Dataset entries
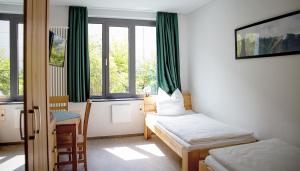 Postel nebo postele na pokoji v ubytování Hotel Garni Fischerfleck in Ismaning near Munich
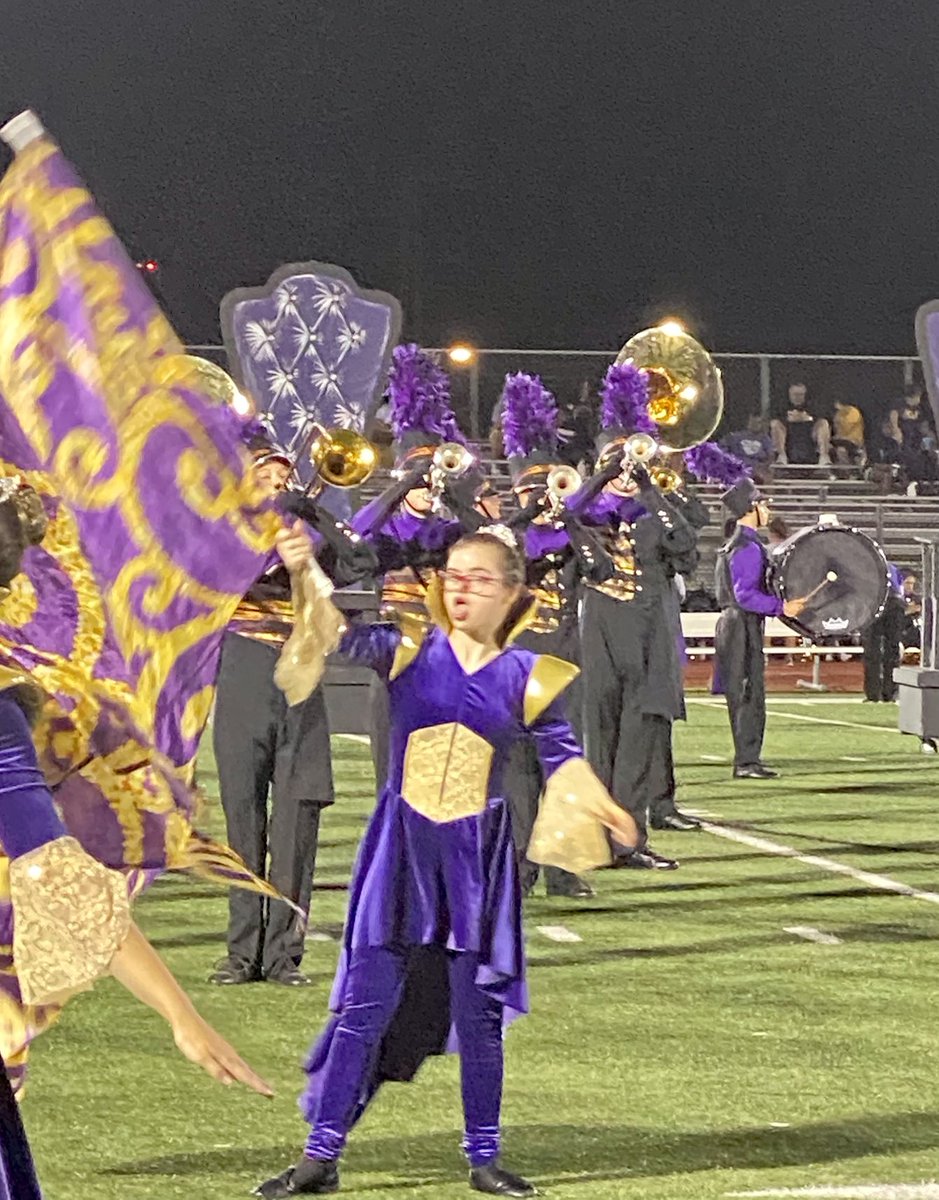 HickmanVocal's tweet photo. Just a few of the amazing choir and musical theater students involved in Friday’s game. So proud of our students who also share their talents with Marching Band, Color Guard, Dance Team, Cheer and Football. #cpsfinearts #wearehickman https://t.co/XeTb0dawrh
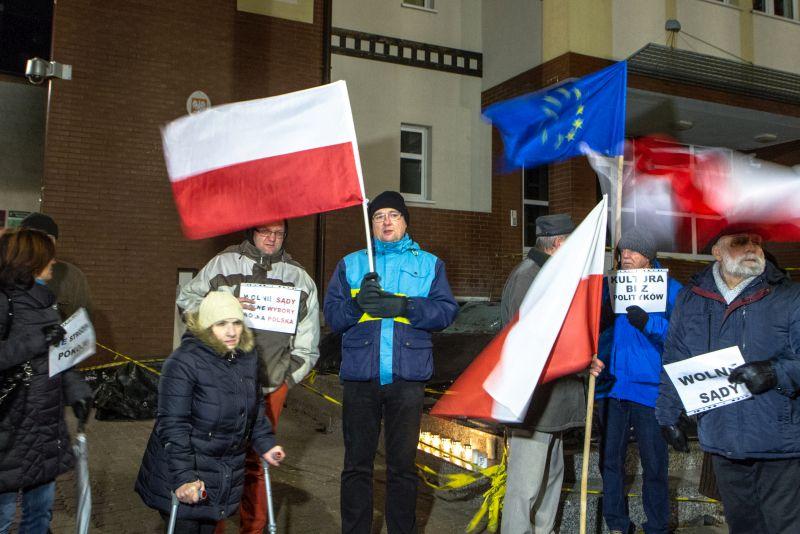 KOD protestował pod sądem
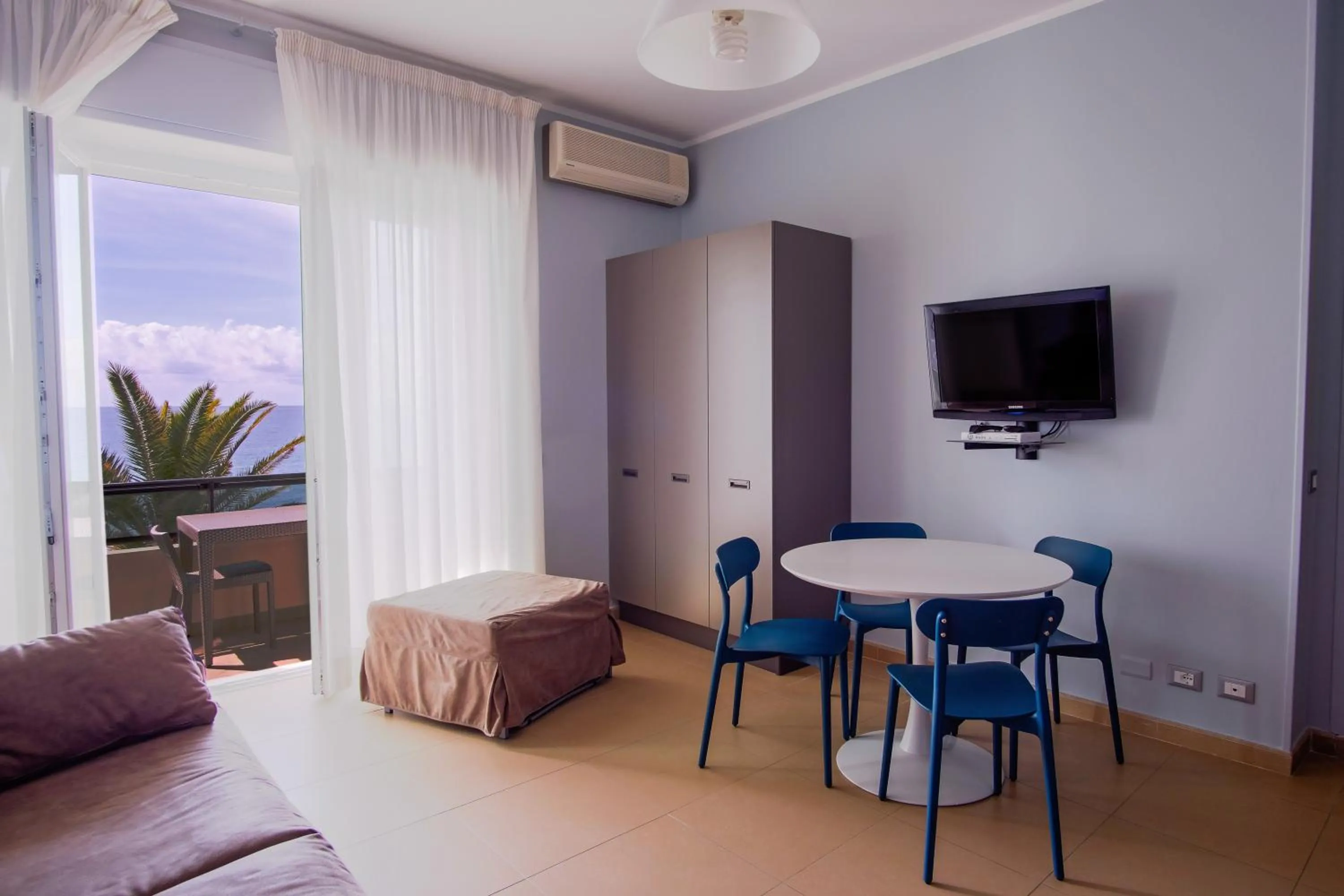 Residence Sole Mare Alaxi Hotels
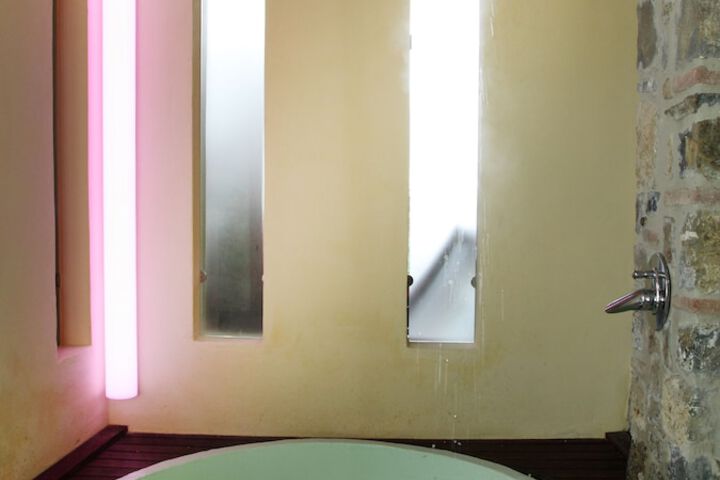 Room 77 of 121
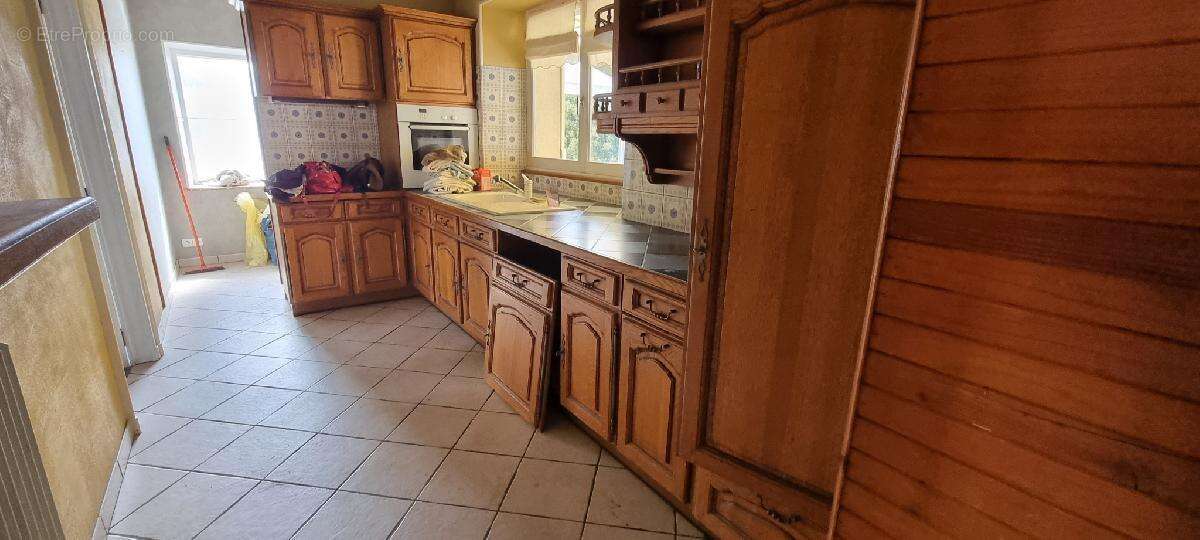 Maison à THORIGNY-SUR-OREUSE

## WHAT YOU ARE ASKED TO DO
Your answer must be an exact copy of the lines from the line with "HickmanVocal's tweet photo." to the final line of the data, both ends included, and no pictures.

## OUTPUT
 HickmanVocal's tweet photo. Just a few of the amazing choir and musical theater students involved in Friday’s game. So proud of our students who also share their talents with Marching Band, Color Guard, Dance Team, Cheer and Football. #cpsfinearts #wearehickman https://t.co/XeTb0dawrh
 KOD protestował pod sądem
 Residence Sole Mare Alaxi Hotels
 Room 77 of 121
 Maison à THORIGNY-SUR-OREUSE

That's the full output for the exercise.